## Task brief
Please reproduce the data exactly, though every picture must stay out.

## Data provided
%%

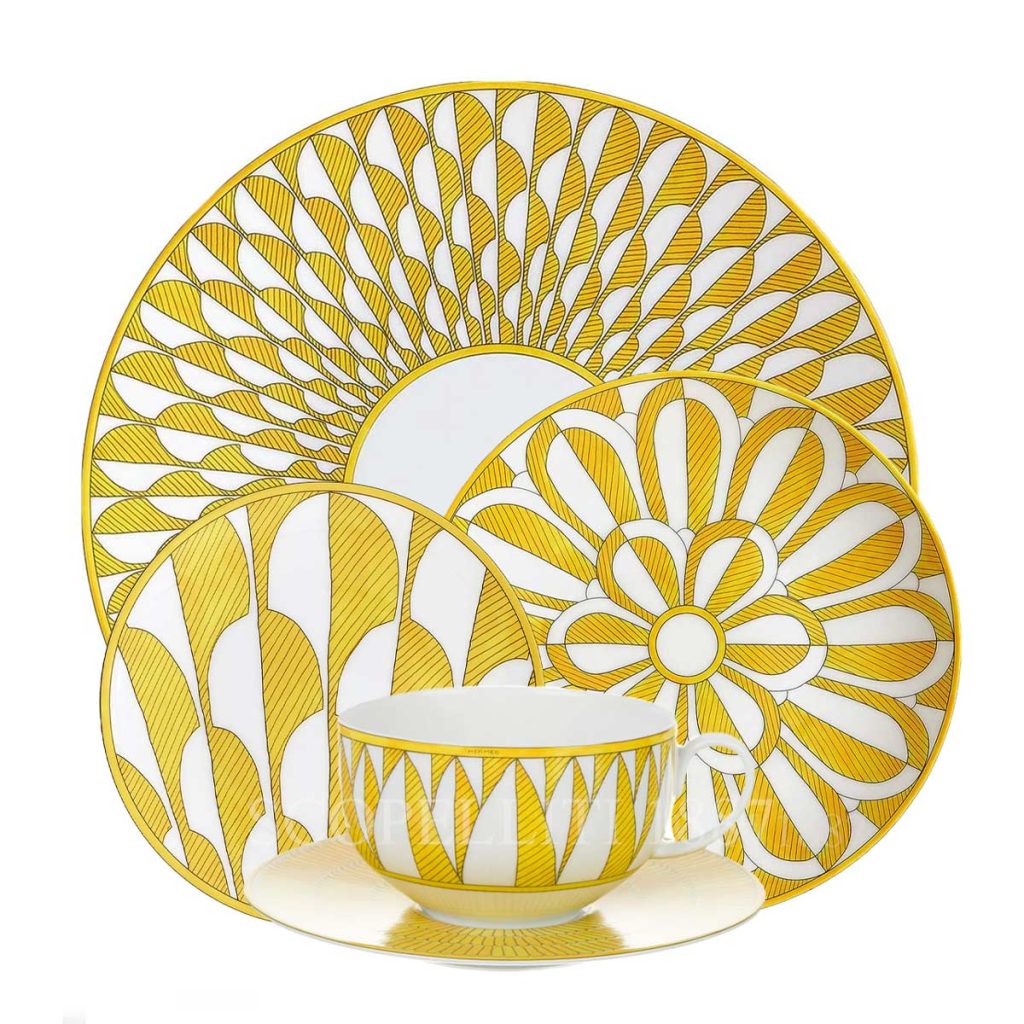 soleil d’hermès limoges porcelain dinner set with vibrant yellow sunburst design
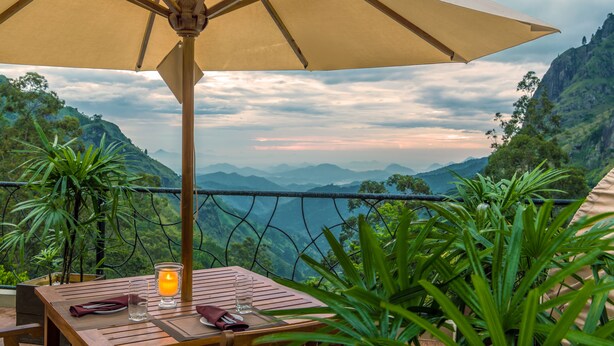 A table with a table umbrella, a candle, and a glass of water, overlooking a mountainous landscape. - EKHO Ella (Ella)
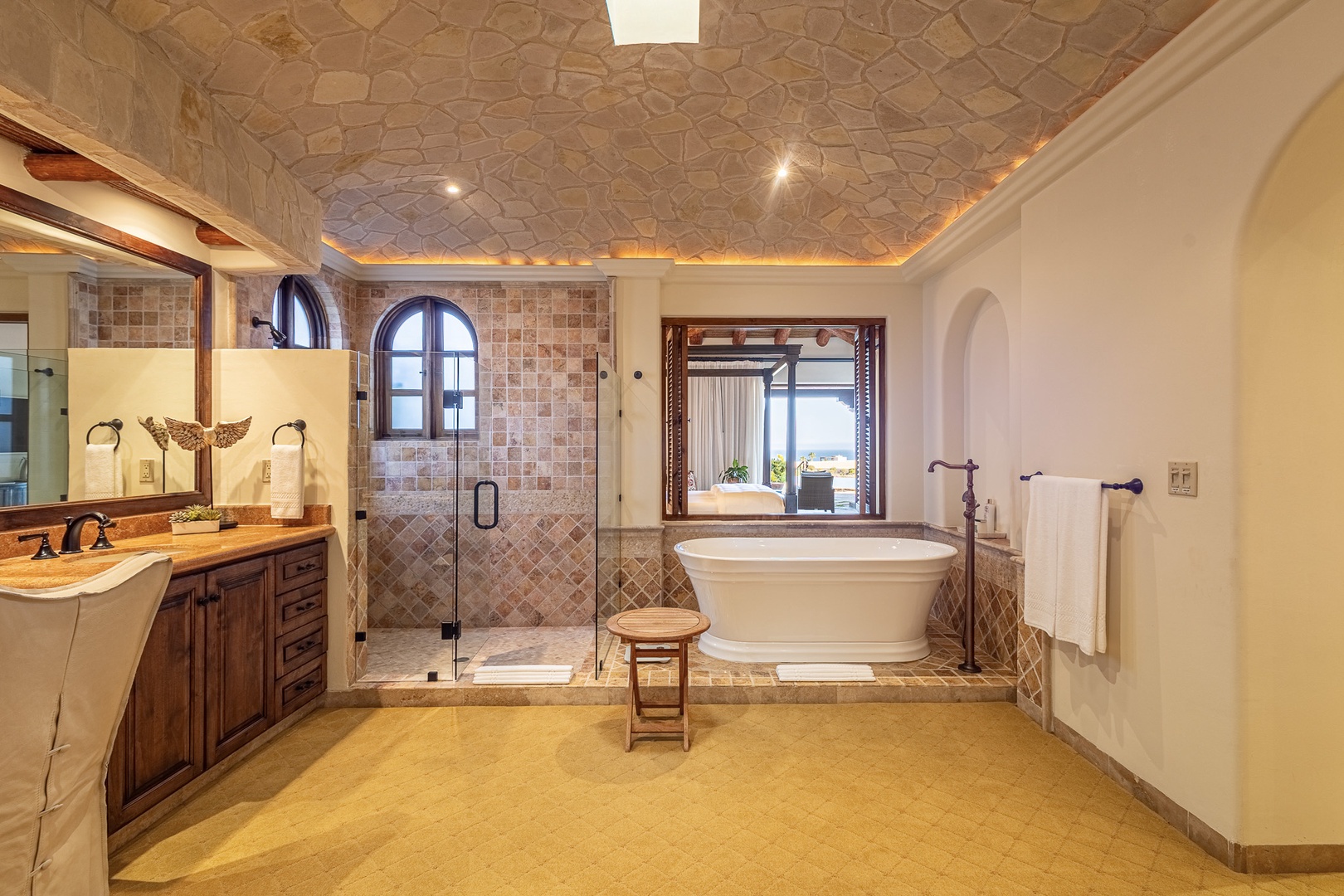 Soak away your cares in this stunning spa-like bathroom featuring a freestanding soaking tub, spacious walk-in shower with intricate tilework, and handcrafted vanity under a vaulted stone ceiling.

%%

## Solution for this problem
 soleil d’hermès limoges porcelain dinner set with vibrant yellow sunburst design
 A table with a table umbrella, a candle, and a glass of water, overlooking a mountainous landscape. - EKHO Ella (Ella)
 Soak away your cares in this stunning spa-like bathroom featuring a freestanding soaking tub, spacious walk-in shower with intricate tilework, and handcrafted vanity under a vaulted stone ceiling.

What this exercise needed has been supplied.